After the previous round of discussions here at DPO, we have completely revamped PEP795: Deep Immutability for Efficient Sharing and Concurrency Safety. This rewrite:

  • Focuses more on programming model, not just implementation details
  • Aims to be clearer about what the costs are for different parts of the design, both in terms of complexity for programmers and implementers of this PEP
  • Aims to make the semantics of freezing clearer, and provide more examples of how freezing propagates
  • Adds a new design that provides control over freeze propagation
  • Adds escape hatches and clearly points out who implements them
  • Motivates the design by linking it clearer to sharing objects across sub-interpreters
  • Aims to be clearer about the semantics of immutable functions (and why they are unavoidable)

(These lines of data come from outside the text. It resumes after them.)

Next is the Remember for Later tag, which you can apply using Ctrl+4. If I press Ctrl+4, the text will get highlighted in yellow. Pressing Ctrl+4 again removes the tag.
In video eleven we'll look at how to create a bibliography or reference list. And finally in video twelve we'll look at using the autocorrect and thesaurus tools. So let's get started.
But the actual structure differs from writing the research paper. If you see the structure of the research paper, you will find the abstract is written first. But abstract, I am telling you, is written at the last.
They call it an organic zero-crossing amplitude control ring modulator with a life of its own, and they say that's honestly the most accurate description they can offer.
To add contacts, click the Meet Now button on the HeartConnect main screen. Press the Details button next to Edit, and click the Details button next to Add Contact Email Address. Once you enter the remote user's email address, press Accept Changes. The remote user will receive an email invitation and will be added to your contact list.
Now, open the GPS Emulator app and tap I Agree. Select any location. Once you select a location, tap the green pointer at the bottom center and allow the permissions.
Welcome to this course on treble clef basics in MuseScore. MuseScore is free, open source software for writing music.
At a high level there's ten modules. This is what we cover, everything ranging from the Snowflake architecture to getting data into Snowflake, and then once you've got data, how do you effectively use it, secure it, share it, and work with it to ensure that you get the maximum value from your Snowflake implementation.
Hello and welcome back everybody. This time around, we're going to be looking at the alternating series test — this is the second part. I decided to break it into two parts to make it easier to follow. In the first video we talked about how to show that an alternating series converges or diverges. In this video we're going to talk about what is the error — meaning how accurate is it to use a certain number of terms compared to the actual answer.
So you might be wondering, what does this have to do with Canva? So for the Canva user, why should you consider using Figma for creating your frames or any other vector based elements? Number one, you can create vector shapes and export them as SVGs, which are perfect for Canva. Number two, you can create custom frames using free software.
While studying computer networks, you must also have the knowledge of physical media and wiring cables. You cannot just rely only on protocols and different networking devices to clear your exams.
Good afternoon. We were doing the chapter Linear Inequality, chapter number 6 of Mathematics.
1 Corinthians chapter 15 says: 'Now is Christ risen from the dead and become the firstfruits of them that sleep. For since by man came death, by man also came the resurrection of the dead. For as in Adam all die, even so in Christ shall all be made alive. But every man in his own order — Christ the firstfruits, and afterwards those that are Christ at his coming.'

  • Discusses the role of types and future plans for types
  • Includes direct sharing of immutable objects across sub-interpreters, rather than making a separate PEP for this
  • Removes a lot of the rejected alternatives from the original PEP; this is motivated by this PEP already being very long, and because the inclusion of direct sharing across sub-interpreters motivate many of the design decisions

We are very grateful to the many comments and threads on DPO that have contributed to this PEP, and offline discussions with members of the Python community.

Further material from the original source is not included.